Dataset extract:
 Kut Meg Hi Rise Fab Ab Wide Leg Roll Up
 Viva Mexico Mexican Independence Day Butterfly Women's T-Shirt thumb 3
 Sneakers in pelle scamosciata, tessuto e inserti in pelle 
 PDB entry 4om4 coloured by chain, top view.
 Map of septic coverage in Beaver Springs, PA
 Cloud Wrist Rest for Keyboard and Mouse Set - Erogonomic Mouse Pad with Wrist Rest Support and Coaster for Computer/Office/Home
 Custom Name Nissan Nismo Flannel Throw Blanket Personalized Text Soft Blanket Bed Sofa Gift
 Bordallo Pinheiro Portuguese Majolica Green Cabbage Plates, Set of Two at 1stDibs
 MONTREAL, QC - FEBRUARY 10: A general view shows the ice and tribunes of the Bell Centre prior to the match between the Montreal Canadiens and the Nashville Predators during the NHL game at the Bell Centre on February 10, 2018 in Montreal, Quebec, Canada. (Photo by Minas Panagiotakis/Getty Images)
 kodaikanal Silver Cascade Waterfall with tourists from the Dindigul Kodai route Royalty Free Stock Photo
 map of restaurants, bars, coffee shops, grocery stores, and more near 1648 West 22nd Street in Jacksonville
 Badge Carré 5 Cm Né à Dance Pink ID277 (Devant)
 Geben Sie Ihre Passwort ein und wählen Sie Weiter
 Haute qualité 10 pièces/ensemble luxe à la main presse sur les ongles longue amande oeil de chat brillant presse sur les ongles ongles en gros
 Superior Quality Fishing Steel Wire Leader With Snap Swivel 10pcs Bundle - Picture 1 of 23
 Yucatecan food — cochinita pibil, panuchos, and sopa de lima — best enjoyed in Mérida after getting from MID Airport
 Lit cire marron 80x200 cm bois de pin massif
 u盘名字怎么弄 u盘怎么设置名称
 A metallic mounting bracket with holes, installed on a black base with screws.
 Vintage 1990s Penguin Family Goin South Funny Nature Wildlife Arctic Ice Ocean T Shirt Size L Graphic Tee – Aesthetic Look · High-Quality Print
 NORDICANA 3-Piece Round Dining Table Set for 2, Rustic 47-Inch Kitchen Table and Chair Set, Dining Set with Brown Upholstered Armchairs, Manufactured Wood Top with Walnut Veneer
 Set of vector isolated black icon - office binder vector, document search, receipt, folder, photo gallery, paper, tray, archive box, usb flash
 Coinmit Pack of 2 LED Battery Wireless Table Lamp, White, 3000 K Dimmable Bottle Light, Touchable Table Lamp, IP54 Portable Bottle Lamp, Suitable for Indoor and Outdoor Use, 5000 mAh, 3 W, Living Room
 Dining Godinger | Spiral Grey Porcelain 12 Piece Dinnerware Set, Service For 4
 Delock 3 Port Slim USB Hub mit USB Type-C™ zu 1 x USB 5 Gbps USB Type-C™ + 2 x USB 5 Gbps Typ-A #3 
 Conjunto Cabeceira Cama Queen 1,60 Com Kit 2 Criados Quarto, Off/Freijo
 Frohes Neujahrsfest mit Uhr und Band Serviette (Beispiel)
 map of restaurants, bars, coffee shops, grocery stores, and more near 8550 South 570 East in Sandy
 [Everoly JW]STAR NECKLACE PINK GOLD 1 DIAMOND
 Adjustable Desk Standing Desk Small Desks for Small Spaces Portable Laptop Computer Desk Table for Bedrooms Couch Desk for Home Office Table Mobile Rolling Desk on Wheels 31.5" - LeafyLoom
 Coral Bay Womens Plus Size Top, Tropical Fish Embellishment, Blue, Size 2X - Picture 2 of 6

Your task: Scan the records above for the word "view" and return every line where it occurs.

Reply:
 PDB entry 4om4 coloured by chain, top view.
 MONTREAL, QC - FEBRUARY 10: A general view shows the ice and tribunes of the Bell Centre prior to the match between the Montreal Canadiens and the Nashville Predators during the NHL game at the Bell Centre on February 10, 2018 in Montreal, Quebec, Canada. (Photo by Minas Panagiotakis/Getty Images)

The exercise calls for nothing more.